2. MCP Server Interprets Context
The MCP server:
- Understands the intent of the request
- Knows the agent’s memory, role, and prior actions
- Routes the request to appropriate tools, data, or sub-agents
3. Tool Interaction
The MCP server interfaces with:
- APIs (e.g., Google Drive, GitHub, SQL databases)
- Local tools (e.g., Python scripts)
- Other AI agents
All of this happens using a standard JSON-based format (like OpenAI’s function calling or Open Agents).
4. Response Aggregation
The MCP server:
- Receives results from tools
- Optionally aggregates, filters, or transforms the data
- Returns the output to the AI agent in context-aware form
5. Agent Acts or Responds
Based on the result, the agent:
- Updates its memory or plan
- Executes follow-up tasks
- Returns a final output to the user
Example Use Case
Without MCP:
- You write custom code to call APIs like Slack, Google Docs, and a database.
With MCP:
- An AI agent calls
get_documents("invoices")
, and the MCP server handles the rest via tool integrations.
Key Components
Component | Role |
---|---|
AI Agents | The “workers” that request and act on tasks |
MCP Server | Routes, tracks, and manages requests, memory, and tools |
Tools | APIs, databases, Python functions — all abstracted behind interfaces |
Memory/Context | Stores history, roles, goals for each agent |
Benefits of MCP
- Unified Interface: One API to talk to all services
- Modular: Easy to add/remove tools
- Agent-Oriented: Built for LLM-driven workflows
- Composable: Tools, memory, and agents can be orchestrated dynamically
Why MCP Matters Now
As AI coding tools become more popular (like Cursor, Windsurf, or Claude Desktop), MCP helps bridge the gap between what AI knows and what it can do.
For example:
- An AI can write code, but with MCP, it can also:
- Create database tables.
- Search the internet.
- Read and save notes.
- Use custom prompts and templates.
This makes AI much more useful for real-world development and problem-solving.
When to Use API vs MCP
Use an API when:
- You’re connecting two existing systems.

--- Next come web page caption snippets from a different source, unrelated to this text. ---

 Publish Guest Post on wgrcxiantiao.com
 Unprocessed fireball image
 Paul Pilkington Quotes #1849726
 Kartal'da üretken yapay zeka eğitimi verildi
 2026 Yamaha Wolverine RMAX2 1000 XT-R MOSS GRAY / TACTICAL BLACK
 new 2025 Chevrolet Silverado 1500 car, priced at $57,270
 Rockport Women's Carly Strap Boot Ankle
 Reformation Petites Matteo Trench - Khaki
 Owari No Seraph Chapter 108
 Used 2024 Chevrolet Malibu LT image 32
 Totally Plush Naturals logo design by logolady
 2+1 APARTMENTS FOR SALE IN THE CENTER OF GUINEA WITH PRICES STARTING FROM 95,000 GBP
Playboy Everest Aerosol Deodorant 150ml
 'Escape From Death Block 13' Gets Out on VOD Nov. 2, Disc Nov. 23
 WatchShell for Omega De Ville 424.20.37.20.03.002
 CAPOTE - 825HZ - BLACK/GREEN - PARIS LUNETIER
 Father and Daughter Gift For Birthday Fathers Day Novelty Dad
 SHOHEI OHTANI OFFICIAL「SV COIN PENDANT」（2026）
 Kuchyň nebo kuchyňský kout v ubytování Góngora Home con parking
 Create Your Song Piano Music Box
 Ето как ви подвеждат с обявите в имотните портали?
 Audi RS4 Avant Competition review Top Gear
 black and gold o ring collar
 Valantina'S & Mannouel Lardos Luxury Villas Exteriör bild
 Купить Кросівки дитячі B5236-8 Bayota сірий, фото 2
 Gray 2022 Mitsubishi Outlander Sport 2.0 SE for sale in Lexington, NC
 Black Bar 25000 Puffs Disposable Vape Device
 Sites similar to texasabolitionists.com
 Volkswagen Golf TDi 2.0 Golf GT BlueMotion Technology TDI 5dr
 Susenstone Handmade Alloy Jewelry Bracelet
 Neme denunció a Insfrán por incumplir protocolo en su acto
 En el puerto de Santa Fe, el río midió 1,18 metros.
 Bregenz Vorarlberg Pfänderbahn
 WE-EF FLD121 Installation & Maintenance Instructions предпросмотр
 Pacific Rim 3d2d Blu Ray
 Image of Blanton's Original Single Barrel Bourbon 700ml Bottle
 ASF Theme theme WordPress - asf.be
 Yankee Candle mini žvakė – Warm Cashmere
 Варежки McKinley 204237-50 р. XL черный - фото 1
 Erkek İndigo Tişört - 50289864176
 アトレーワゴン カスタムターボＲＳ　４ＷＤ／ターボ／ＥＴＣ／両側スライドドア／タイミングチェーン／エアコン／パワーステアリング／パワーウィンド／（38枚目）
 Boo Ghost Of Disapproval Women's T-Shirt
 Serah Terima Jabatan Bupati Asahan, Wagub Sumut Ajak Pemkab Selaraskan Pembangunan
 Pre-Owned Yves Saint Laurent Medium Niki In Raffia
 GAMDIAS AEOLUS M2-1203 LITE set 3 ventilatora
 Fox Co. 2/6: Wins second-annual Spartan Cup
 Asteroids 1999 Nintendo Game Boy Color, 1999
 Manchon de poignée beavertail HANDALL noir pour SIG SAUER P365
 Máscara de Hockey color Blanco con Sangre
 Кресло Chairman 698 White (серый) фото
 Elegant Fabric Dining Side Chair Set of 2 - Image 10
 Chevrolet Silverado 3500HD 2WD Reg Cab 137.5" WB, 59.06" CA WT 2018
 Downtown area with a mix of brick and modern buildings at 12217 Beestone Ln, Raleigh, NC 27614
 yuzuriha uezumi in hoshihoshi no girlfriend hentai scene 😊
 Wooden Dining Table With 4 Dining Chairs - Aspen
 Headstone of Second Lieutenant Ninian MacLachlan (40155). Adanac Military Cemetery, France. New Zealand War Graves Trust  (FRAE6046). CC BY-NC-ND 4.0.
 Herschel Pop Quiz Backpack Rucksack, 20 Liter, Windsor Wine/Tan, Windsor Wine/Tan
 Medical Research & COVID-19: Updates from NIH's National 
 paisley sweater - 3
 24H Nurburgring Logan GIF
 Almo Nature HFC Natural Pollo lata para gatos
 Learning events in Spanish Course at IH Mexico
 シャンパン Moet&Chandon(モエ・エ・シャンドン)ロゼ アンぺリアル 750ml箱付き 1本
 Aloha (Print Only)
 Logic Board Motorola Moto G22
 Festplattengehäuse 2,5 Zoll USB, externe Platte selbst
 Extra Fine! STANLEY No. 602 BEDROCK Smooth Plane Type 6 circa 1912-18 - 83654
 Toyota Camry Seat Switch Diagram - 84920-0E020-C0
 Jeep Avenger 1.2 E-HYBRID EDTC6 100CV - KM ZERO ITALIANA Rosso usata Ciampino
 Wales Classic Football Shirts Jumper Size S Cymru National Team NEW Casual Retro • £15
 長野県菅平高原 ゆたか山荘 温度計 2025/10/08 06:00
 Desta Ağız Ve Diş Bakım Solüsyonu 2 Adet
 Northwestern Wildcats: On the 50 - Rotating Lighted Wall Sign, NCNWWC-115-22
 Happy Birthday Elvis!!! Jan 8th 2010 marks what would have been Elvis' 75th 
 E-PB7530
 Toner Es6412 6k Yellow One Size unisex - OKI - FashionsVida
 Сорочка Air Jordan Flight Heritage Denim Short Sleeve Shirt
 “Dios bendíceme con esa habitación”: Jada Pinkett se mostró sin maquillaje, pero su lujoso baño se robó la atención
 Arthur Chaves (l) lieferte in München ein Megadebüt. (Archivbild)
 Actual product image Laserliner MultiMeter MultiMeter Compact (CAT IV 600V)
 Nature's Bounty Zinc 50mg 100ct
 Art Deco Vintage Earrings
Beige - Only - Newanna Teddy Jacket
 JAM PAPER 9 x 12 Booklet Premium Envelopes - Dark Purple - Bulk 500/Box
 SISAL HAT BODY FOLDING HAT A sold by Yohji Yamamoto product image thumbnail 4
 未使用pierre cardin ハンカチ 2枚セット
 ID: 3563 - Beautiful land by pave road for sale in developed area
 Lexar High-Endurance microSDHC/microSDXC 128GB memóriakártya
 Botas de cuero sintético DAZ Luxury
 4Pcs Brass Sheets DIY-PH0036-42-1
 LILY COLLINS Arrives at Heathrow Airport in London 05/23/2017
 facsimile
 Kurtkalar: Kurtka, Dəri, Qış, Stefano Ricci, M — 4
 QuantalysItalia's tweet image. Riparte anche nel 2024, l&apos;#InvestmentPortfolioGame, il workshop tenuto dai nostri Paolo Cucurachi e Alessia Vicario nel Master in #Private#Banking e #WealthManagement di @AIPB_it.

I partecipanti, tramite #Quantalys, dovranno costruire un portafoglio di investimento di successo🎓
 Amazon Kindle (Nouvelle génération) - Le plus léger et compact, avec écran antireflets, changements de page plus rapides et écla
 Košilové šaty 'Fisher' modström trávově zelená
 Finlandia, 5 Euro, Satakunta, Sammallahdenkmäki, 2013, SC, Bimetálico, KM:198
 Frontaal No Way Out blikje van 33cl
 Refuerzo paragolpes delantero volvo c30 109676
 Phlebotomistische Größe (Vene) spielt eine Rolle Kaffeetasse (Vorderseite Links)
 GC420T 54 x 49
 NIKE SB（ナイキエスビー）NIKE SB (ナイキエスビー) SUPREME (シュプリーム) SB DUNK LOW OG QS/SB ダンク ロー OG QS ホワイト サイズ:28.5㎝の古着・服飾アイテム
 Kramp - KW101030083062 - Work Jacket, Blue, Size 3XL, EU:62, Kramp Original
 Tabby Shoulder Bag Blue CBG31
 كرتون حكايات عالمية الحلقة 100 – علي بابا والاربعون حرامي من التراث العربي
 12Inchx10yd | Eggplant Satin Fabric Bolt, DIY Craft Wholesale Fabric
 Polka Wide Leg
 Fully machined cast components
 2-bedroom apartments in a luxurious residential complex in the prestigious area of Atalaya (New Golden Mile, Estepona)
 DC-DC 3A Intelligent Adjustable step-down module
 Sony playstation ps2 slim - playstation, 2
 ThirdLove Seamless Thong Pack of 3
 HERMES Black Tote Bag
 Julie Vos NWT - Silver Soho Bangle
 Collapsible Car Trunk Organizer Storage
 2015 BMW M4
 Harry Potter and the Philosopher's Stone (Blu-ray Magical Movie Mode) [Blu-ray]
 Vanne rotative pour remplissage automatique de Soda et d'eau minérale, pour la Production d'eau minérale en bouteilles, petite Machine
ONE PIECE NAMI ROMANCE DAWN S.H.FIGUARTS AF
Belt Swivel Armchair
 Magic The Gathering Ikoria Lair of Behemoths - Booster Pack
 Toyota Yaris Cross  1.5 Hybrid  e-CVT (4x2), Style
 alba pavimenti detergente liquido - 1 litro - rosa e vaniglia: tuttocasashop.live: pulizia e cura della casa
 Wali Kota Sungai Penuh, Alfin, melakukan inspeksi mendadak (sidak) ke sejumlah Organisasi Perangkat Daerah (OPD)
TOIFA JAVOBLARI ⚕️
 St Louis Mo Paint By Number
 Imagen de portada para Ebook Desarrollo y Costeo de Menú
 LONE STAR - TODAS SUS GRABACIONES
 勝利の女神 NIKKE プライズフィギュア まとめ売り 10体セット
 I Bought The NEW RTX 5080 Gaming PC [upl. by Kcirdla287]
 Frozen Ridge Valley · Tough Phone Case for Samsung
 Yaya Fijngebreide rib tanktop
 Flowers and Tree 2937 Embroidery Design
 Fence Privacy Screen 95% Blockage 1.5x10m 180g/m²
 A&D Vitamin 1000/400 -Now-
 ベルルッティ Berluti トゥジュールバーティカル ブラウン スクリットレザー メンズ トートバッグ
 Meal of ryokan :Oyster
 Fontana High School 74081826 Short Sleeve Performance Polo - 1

- You need data from a service (e.g., weather, maps, payments).
- You’re building traditional apps or integrations.
Use MCP when:
- You’re working with AI assistants or agents.
- You want to give AI specific tools to interact with your environment.
- You’re building something new and need flexibility.
Final Thoughts
While APIs have been around for years and are essential for modern software, MCP is a fresh way to make AI more powerful and helpful — especially in coding and development.
If you’re a developer or someone who uses AI tools regularly, understanding both APIs and MCP will help you get the most out of technology — whether you’re building apps, automating tasks, or creating smart workflows.